■ **DATA UNDER STUDY**:

□ □ □ □

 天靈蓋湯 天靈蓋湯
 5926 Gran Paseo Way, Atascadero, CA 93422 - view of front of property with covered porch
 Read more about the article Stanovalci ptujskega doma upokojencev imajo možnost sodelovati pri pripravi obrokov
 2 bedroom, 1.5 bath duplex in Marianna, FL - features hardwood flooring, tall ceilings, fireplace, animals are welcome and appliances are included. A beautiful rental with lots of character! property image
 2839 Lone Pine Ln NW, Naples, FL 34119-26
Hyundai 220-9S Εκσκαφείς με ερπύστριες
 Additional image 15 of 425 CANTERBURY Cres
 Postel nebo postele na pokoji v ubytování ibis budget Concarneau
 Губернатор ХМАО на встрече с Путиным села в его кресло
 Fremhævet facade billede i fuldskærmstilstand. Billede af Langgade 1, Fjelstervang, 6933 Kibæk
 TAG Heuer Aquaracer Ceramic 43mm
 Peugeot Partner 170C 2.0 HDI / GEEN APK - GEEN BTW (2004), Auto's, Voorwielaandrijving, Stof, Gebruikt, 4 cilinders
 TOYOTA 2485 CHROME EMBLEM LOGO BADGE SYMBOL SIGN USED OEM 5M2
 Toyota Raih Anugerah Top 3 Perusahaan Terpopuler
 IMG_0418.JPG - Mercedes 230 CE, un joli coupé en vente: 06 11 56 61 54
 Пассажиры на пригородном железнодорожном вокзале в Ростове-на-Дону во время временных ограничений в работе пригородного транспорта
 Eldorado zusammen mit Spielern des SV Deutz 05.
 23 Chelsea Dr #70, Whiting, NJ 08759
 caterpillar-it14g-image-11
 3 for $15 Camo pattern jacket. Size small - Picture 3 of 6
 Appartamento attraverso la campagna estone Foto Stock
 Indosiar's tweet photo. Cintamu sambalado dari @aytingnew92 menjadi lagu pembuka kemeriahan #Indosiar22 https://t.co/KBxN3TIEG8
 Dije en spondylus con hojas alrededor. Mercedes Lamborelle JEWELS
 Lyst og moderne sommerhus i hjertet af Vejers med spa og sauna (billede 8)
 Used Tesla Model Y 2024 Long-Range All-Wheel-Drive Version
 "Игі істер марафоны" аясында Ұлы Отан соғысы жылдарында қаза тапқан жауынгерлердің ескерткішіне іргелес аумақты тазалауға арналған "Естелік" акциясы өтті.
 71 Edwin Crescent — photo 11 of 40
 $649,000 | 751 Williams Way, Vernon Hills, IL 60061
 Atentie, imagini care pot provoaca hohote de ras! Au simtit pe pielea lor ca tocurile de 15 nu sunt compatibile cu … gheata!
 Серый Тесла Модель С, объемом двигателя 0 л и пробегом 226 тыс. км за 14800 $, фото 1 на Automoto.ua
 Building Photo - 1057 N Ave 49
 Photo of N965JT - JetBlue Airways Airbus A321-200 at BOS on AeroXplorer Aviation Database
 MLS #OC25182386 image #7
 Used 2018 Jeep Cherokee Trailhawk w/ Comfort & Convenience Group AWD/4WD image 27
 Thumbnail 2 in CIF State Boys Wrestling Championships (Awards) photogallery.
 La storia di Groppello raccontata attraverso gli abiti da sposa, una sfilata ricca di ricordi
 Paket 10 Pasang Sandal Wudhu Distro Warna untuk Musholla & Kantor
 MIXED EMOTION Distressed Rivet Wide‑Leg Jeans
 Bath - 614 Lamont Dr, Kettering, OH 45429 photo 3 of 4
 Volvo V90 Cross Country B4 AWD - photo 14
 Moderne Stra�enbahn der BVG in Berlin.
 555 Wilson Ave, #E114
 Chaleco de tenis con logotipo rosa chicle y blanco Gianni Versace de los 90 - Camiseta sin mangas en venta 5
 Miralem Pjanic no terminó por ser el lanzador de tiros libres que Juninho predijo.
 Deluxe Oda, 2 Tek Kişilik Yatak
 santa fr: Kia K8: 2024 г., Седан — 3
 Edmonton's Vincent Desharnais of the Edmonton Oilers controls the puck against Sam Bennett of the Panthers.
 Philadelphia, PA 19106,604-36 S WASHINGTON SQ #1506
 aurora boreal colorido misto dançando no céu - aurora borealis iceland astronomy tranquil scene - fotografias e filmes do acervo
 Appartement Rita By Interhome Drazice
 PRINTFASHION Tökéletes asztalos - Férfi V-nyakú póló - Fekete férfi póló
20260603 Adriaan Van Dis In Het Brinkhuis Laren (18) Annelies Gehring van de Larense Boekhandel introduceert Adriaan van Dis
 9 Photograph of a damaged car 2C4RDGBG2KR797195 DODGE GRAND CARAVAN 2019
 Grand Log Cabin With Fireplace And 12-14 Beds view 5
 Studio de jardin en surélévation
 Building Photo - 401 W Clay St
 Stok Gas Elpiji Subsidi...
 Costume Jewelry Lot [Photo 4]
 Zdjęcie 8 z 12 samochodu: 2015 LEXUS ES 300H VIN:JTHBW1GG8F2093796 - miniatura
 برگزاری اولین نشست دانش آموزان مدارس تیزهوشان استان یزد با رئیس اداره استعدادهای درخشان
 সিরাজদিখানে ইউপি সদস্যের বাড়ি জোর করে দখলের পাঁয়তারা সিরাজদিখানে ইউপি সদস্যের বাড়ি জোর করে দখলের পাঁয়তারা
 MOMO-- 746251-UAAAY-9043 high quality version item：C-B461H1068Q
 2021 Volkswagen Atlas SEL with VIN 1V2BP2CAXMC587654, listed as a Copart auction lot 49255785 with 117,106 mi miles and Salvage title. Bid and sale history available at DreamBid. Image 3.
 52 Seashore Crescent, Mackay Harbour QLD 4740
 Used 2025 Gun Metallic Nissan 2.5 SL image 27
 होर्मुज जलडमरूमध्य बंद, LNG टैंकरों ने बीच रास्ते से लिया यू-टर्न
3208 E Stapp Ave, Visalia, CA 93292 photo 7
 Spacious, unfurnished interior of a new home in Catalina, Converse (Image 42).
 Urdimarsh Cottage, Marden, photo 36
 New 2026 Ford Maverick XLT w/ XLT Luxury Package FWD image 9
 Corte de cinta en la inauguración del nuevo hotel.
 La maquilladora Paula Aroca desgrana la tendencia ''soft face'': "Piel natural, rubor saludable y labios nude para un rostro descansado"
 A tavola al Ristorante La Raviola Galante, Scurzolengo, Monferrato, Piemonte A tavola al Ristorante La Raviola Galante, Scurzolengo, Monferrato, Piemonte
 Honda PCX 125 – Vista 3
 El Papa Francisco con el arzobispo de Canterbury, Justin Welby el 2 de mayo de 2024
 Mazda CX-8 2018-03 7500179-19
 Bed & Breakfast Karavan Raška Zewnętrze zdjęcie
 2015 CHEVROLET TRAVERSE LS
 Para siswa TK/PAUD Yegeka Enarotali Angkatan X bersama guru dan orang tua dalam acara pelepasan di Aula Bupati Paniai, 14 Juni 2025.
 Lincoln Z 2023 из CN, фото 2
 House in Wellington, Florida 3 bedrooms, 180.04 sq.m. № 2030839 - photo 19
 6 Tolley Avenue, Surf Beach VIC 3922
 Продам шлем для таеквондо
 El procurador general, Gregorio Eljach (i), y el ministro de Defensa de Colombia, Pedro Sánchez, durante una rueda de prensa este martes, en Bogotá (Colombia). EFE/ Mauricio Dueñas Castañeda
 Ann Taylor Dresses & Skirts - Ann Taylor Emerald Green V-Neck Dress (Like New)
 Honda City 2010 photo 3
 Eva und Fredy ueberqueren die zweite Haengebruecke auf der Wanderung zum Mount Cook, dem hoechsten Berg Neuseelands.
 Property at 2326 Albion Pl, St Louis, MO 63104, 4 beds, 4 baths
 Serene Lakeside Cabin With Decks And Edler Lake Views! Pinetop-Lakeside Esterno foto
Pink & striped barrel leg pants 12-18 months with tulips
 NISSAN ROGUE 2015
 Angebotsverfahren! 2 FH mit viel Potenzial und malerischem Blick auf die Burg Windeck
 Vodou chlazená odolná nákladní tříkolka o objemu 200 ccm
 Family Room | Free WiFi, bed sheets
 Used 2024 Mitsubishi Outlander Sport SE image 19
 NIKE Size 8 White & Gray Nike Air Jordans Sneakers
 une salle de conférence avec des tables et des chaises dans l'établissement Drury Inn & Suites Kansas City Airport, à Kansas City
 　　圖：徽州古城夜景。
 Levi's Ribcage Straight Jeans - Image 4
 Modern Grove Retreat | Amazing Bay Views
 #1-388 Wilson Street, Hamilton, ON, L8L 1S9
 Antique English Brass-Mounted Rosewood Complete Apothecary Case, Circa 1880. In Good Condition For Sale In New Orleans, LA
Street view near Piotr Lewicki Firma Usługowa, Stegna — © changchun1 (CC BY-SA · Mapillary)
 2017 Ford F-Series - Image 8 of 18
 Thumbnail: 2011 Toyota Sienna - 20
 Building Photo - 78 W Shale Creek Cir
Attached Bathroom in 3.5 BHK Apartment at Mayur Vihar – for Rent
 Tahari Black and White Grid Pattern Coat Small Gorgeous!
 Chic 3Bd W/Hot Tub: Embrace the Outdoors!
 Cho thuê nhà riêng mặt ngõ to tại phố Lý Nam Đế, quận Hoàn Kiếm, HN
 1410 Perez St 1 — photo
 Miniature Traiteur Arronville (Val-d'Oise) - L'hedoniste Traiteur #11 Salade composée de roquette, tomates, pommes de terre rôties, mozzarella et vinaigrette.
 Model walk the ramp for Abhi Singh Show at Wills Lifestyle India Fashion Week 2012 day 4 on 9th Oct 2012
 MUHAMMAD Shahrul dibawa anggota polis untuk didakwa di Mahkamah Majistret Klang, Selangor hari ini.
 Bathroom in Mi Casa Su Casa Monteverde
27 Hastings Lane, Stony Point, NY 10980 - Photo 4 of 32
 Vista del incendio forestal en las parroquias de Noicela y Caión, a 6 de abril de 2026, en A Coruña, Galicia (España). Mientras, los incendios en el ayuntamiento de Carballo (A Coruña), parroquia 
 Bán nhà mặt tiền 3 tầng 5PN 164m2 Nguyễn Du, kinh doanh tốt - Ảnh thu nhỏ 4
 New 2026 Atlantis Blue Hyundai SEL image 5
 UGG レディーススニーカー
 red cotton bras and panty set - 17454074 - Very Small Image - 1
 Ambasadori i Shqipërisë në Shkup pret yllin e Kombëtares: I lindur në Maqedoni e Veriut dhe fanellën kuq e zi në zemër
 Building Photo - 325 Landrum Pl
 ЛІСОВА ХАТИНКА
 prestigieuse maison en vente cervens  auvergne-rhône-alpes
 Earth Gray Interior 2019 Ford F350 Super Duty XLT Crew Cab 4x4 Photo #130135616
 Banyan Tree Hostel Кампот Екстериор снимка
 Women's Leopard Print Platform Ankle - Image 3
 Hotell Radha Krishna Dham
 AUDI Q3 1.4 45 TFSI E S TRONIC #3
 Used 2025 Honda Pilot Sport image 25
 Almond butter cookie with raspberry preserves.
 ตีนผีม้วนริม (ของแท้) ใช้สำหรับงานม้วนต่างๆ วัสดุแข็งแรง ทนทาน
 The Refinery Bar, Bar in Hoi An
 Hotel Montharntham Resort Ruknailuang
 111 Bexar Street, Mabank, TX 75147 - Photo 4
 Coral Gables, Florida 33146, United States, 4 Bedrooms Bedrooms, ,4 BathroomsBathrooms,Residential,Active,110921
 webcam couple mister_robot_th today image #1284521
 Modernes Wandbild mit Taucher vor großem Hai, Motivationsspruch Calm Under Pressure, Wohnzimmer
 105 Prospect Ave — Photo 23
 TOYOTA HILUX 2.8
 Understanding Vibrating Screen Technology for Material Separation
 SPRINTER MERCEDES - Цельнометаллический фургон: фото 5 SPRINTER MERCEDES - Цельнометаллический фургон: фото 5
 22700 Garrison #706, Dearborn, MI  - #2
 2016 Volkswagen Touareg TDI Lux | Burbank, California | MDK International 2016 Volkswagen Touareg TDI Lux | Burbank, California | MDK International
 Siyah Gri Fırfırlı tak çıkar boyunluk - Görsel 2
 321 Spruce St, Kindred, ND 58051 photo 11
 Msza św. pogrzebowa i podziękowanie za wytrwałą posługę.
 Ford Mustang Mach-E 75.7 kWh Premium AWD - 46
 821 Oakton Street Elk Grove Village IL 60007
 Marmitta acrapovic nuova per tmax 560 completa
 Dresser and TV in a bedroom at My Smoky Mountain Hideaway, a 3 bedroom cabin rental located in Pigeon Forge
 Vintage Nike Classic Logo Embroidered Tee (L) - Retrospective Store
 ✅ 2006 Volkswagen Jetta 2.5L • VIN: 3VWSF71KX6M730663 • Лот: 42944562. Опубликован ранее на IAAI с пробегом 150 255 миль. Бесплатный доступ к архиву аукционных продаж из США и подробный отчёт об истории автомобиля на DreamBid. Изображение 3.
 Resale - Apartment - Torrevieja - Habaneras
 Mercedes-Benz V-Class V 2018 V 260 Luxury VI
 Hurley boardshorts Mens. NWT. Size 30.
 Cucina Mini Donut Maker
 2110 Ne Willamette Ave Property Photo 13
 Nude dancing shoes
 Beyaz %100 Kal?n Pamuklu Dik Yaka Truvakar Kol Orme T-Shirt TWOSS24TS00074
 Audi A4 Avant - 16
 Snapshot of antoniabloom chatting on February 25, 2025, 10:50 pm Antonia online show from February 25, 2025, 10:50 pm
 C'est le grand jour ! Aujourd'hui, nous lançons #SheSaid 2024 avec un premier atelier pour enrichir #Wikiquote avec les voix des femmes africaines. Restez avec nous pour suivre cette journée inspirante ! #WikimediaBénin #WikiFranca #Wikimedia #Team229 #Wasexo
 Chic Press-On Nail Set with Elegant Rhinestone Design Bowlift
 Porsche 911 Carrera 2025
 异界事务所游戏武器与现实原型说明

□ □ □ □

■ **WHAT IS BEING ASKED**: From the records above, tally every line that contains the string "Ford"; the reply consists of that number alone.

■ **ANSWER AREA**: 4